File naming conventions
- Chapters 2 through 9 are represented by the directories
ch2 through ch9.
- The files here are (for the most part) named according to
this format pNNN where NNN is the page number
in the text. Example: p81.rb
- Note:In a directory listing, the files will not necessarily
appear in numerical order.
- In some cases there may be a letter appended (when there is
more than one code fragment on a page). Example: p124a.rb
- When the code fragment is an actual numbered listing, the listing
number will be appended after a lowercase "l" (with the dot converted
to a hyphen). Examples: p92l2-6.rb and p124bl2-9
- Many of the filenames are NOT "8 dot 3" as Windows users might expect.
This should not cause problems even for Windows users.
- In some cases, it made sense to preserve the "original" name of the
file. This is done, for example, when the filename
is referenced from another related fragment. In this case, the "canonical"
file (e.g., p442.rb will usually just be a placeholder that names
the real file (e.g., params.rb).
- Some of the files are not Ruby code and thus may have other extensions
such as .xml or .html (embedded Ruby files are given the
extension .erb).
What's here?
- Every numbered code listing is here (2.1 through 9.20).
- Many smaller fragments are also included (more than two hundred of them).
What's not here?
- There is no code from Chapter 1 or the appendices. These fragments are
in general less significant than most of the others.
- The shorter, less important fragments were omitted.
- Listing 9.13 was omitted, as it is not actually code.
- Code that couldn't possibly run (e.g., with embedded pseudocode or with
nonexistent resources) was usually omitted.

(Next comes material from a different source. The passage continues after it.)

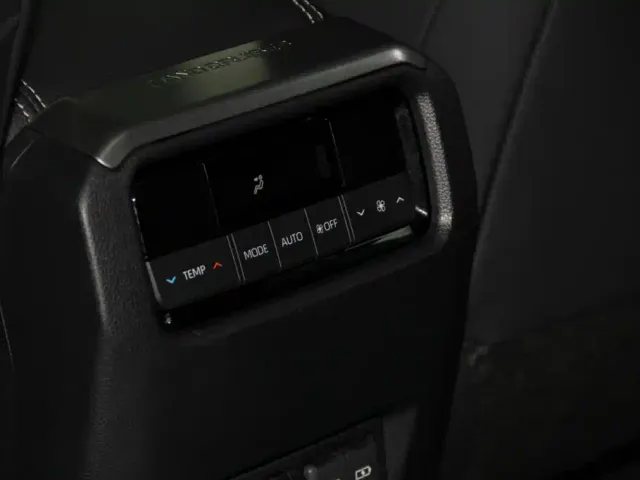 Toyota Prado — Фото автомобиля 26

- In some cases, adjacent fragments may have been lumped together into one
single fragment (if they were short enough and closely related).
What doesn't work?
- All the code has been tested, but there may still be bugs or errors that
crept in during publishing.
- The code here is (supposedly) consistent with the initial version of the
errata for the book, and thus may differ slightly from the first printing.

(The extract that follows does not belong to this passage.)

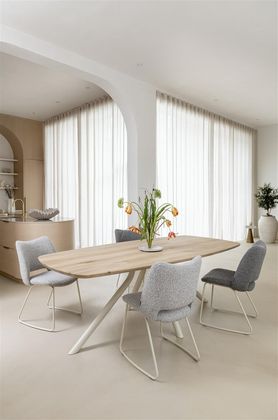 XOOON Arvada Eettafel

- Certain pieces of code will run only on the Windows family of operating
systems or only on the UNIX family.
- Some code fragments have dependencies on prior code fragments. The content
of the file usually does not reflect this, but the book's text will. (Some of
the binary tree examples in Chapter 3 are especially problematic.)
- Some of the examples depend on "imaginary" resources such as files,
directories, URLs, IP names, user names, and so on. These will typically not
work without minor changes.
- There may be minor variations in the behavior of different versions of
Ruby (and even different builds, e.g., Cygwin versus MinGW).